If you are going to eat them immediately, place them on a lightly greased cookie sheet and bake at 350 degrees for 25-40 minutes, until golden brown. 
If you are going to freeze these, simply put the finished empanadas on a cookie sheet and stick in the freezer until firm. You can then remove them and store in a Ziploc bag for a month or two in the freezer. To reheat, place them on a cookie sheet and thaw for about 15 minutes. Bake them at 350 degrees for 25-40 minutes, until golden brown.
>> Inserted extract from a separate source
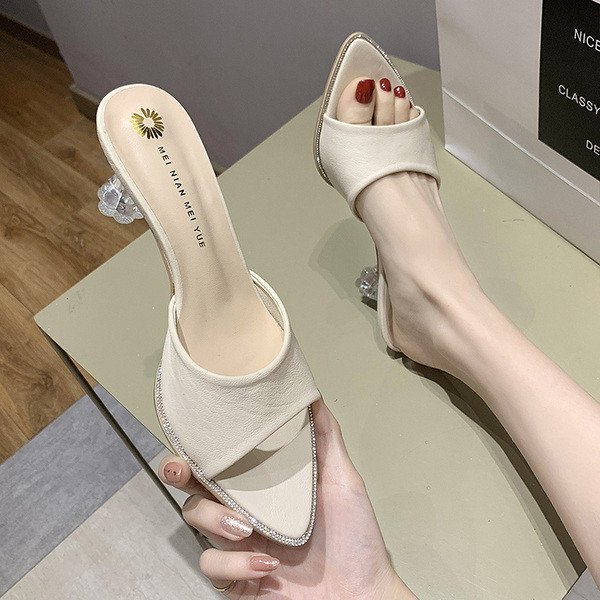 Női papucs hegyes modell átlátszó sarokkal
Yields: Approximately forty 3-in empanadas. 

Empanada Dough
2 1/4 cups unbleached all-purpose flour
1 1/2 tsp salt
1 stick (1/2 cup) unsalted butter, cut into 1/2-inch cubes
1 large egg
1/3 cup ice water
1 Tbsp distilled white vinegar

Sift flour with salt into a large bowl and blend in butter with your fingertips or a pastry blender until mixture resembles coarse meal with some pea-sized butter lumps. 
Beat together egg, water, and vinegar in a small bowl with a fork. Add to flour mixture, stirring with a fork until just incorporated. The mixture will look "shaggy."
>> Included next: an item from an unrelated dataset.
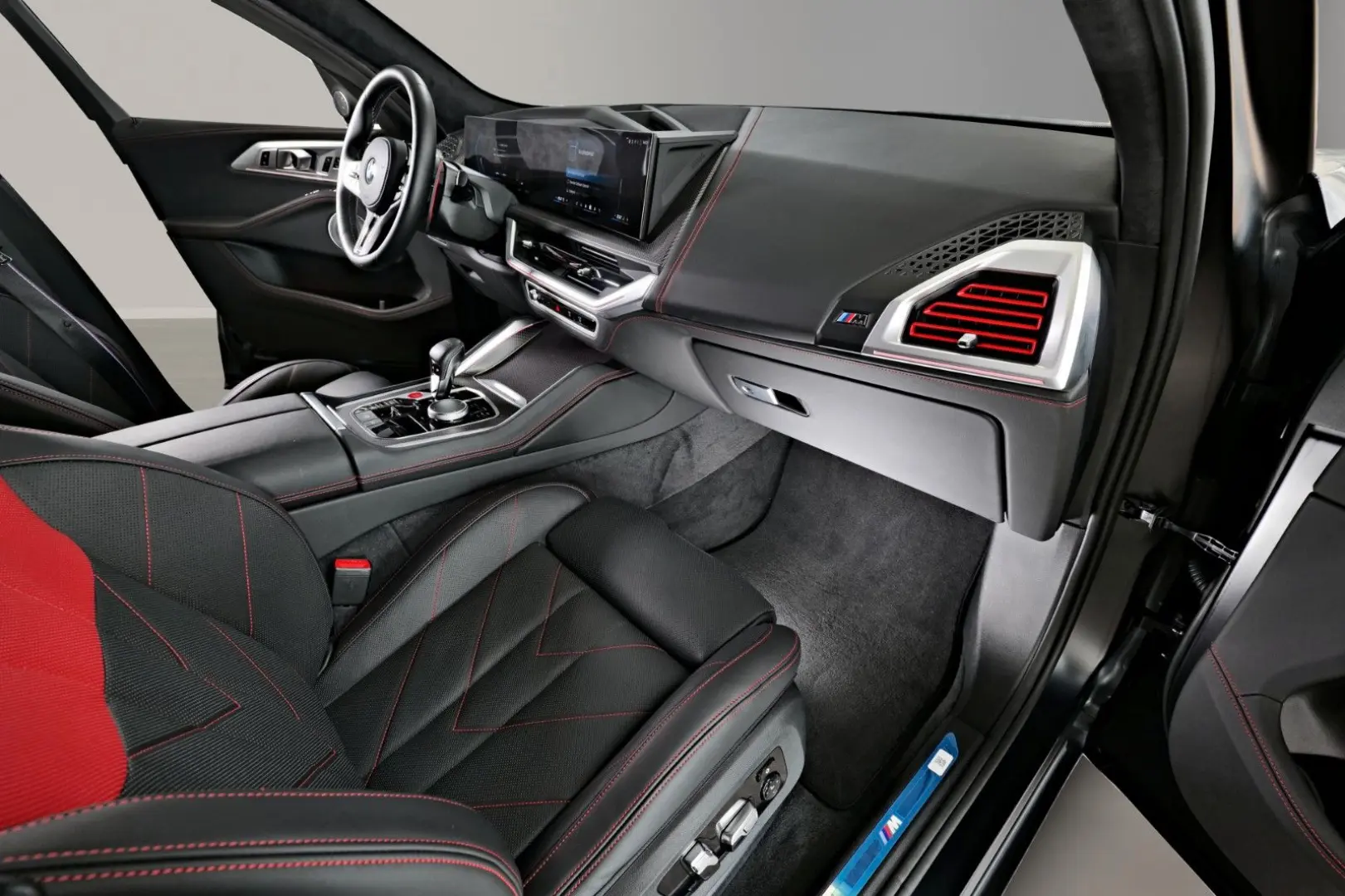 XM Label V8 / MASSAGE / CARBON /BOWERS & WILKINS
Turn out mixture on a lightly floured surface and gather together, then knead gently with the heel of your hand once or twice, just enough to bring dough together. Form dough into a flat rectangle, wrap in plastic wrap and refrigerate for at least 1 hour. Yields: Approximately twenty 3-in empanadas. 

Note: The filling can be made 2 days ahead and cooled, uncovered, then chilled, covered. It also can be frozen until you're ready to make these. Just bring the filling to room temperature before assembling. This recipe actually makes a lot of filling (enough for 40+ or double the dough recipe), so you may want to make one batch and then freeze the rest until you're ready for your next batch. Just make sure there's not a lot of excess water from the spinach. 
I have not made these with pizza dough but that is what the original recipe called for. To me, it was not difficult to make the dough from scratch — and that is coming from a non-baker! I'm sure they'd still be a hit if you used the shortcut, which may be all the time you have during the holidays so don't let that stop you. As an alternative, you might even consider making this into a calzone, which would also be sure to please on a cold winter's night.